> [What the task requires]
Return the data below unchanged. Drop any pictures.

> [Stored data]

────────────────────────────────────────

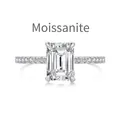 S925 sterling silver ring with 2 carat emerald-cut moissanite and pave setting - US 5 / Silver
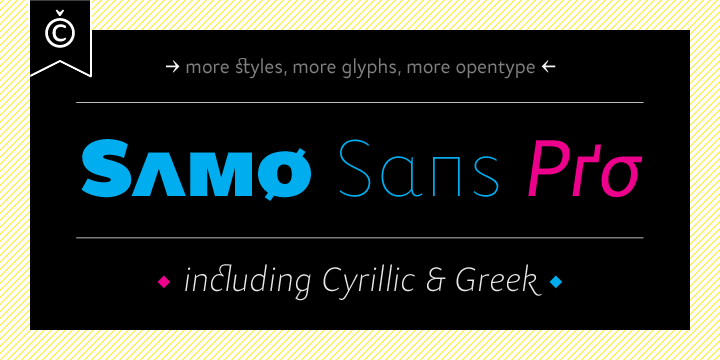 Пример шрифта Samo Sans Pro Thin Italic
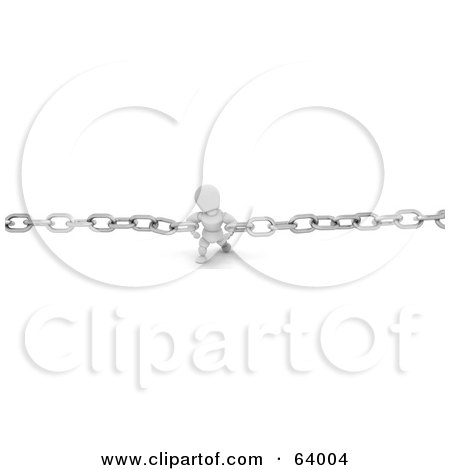 Royalty-Free (RF) Clipart Illustration of a 3d White Character Pulling Together Two Chains by KJ Pargeter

────────────────────────────────────────

> [Reply to the task]
 S925 sterling silver ring with 2 carat emerald-cut moissanite and pave setting - US 5 / Silver
 Пример шрифта Samo Sans Pro Thin Italic
 Royalty-Free (RF) Clipart Illustration of a 3d White Character Pulling Together Two Chains by KJ Pargeter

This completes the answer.